**Task**.
Find, in the records below, the line that contains "Enfants lisant, enfants" and the line that contains "AI automation ROI". Copy those two lines and everything between them exactly, but not the pictures.

*** Source material

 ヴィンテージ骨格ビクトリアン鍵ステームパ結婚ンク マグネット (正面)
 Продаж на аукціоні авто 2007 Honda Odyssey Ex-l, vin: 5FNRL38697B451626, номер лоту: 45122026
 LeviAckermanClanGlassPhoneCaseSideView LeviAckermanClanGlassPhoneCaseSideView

******
*** Source material

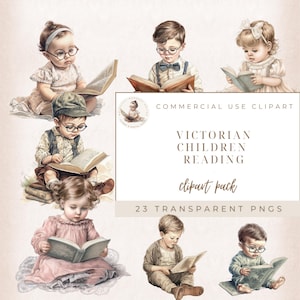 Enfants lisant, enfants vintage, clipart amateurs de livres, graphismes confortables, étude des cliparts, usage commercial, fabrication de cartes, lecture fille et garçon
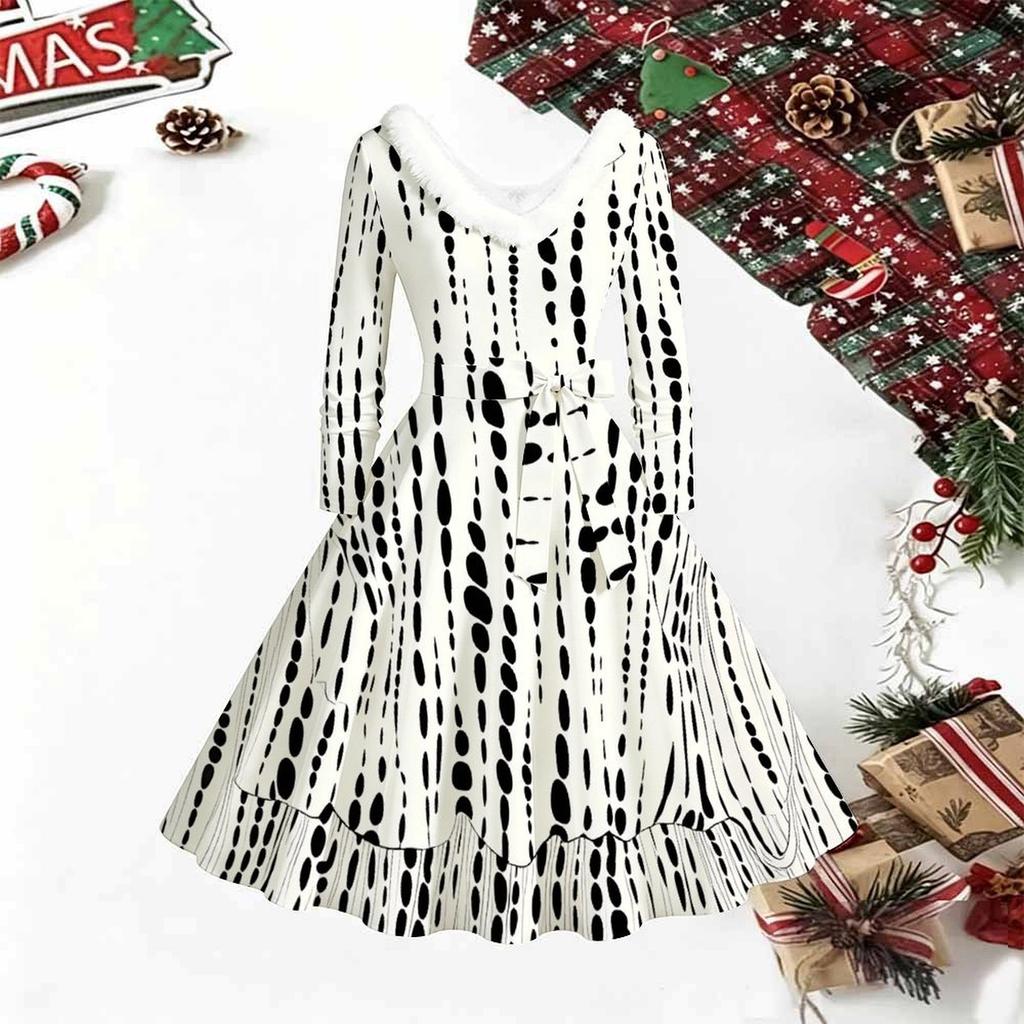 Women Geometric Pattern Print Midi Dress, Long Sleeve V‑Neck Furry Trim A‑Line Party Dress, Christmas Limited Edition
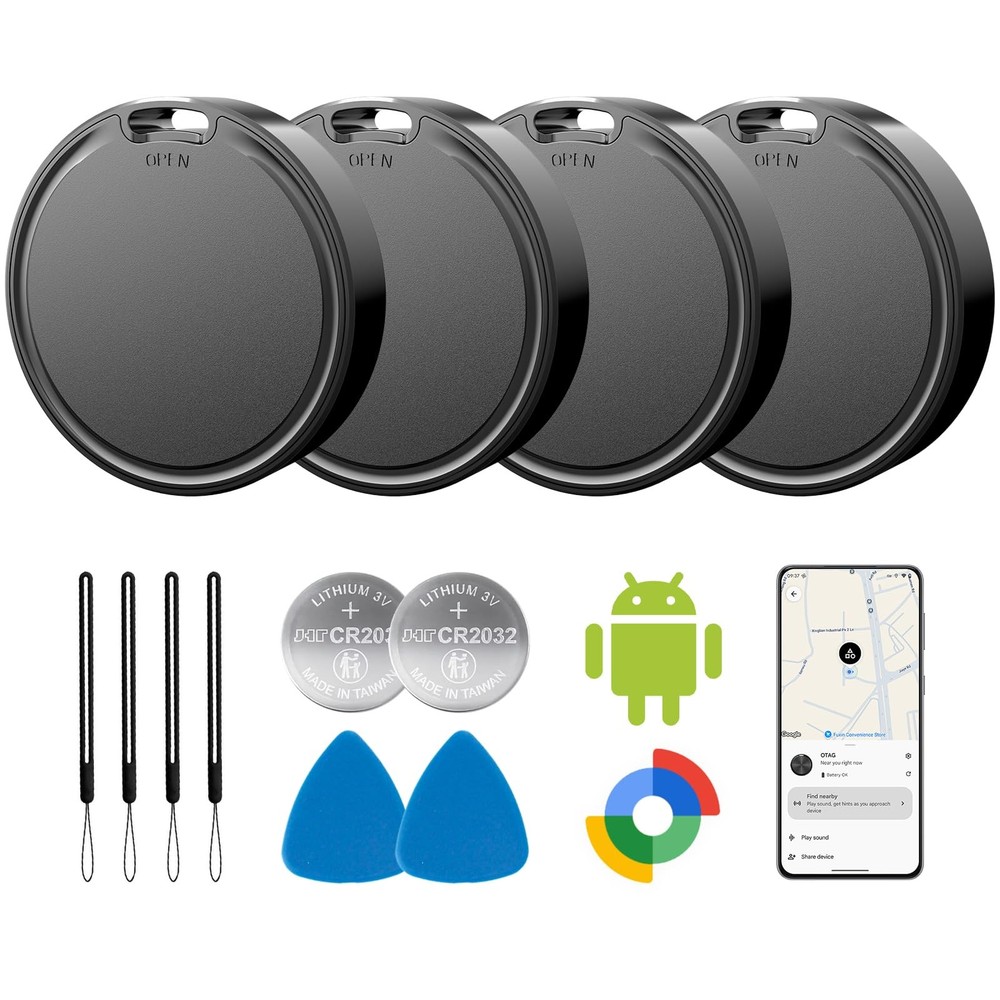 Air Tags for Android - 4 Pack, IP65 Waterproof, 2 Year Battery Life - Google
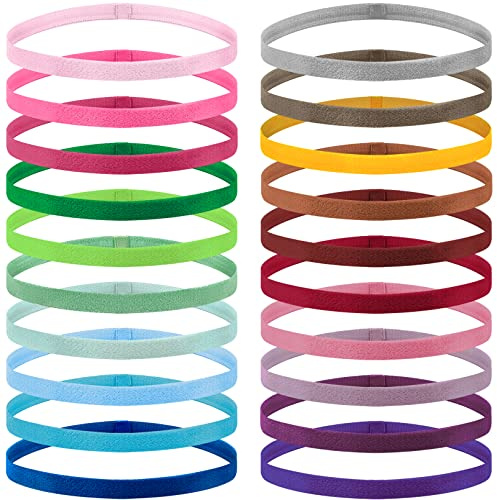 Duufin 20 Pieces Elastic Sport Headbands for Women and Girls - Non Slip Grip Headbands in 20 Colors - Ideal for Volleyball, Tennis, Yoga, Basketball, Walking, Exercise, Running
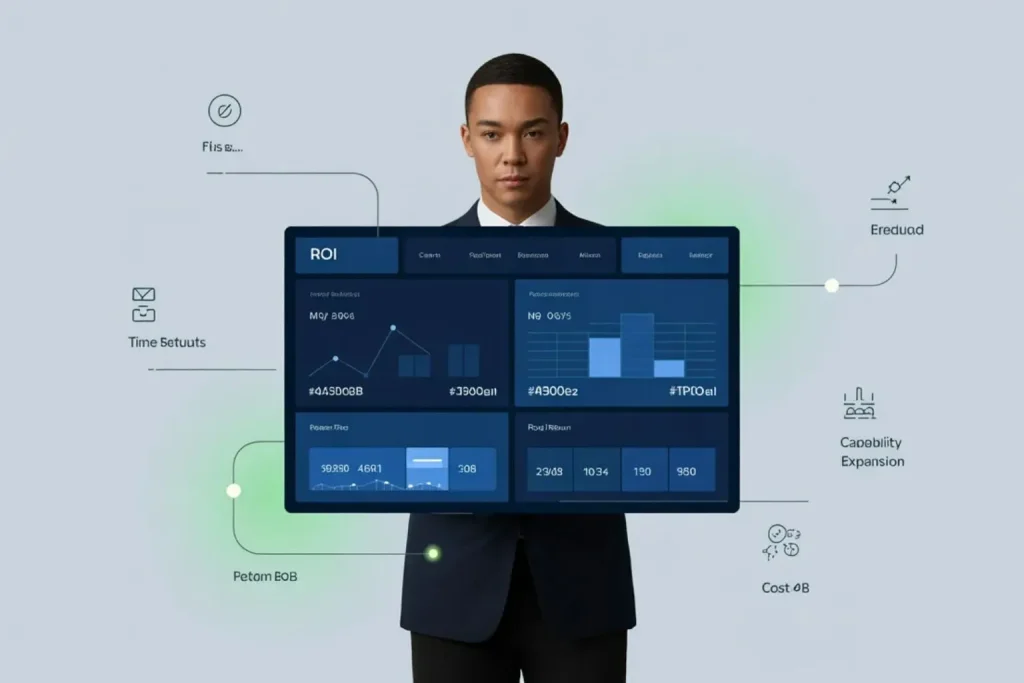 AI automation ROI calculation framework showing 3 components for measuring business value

******

**Task result**.
 Enfants lisant, enfants vintage, clipart amateurs de livres, graphismes confortables, étude des cliparts, usage commercial, fabrication de cartes, lecture fille et garçon
 Women Geometric Pattern Print Midi Dress, Long Sleeve V‑Neck Furry Trim A‑Line Party Dress, Christmas Limited Edition
 Air Tags for Android - 4 Pack, IP65 Waterproof, 2 Year Battery Life - Google
 Duufin 20 Pieces Elastic Sport Headbands for Women and Girls - Non Slip Grip Headbands in 20 Colors - Ideal for Volleyball, Tennis, Yoga, Basketball, Walking, Exercise, Running
 AI automation ROI calculation framework showing 3 components for measuring business value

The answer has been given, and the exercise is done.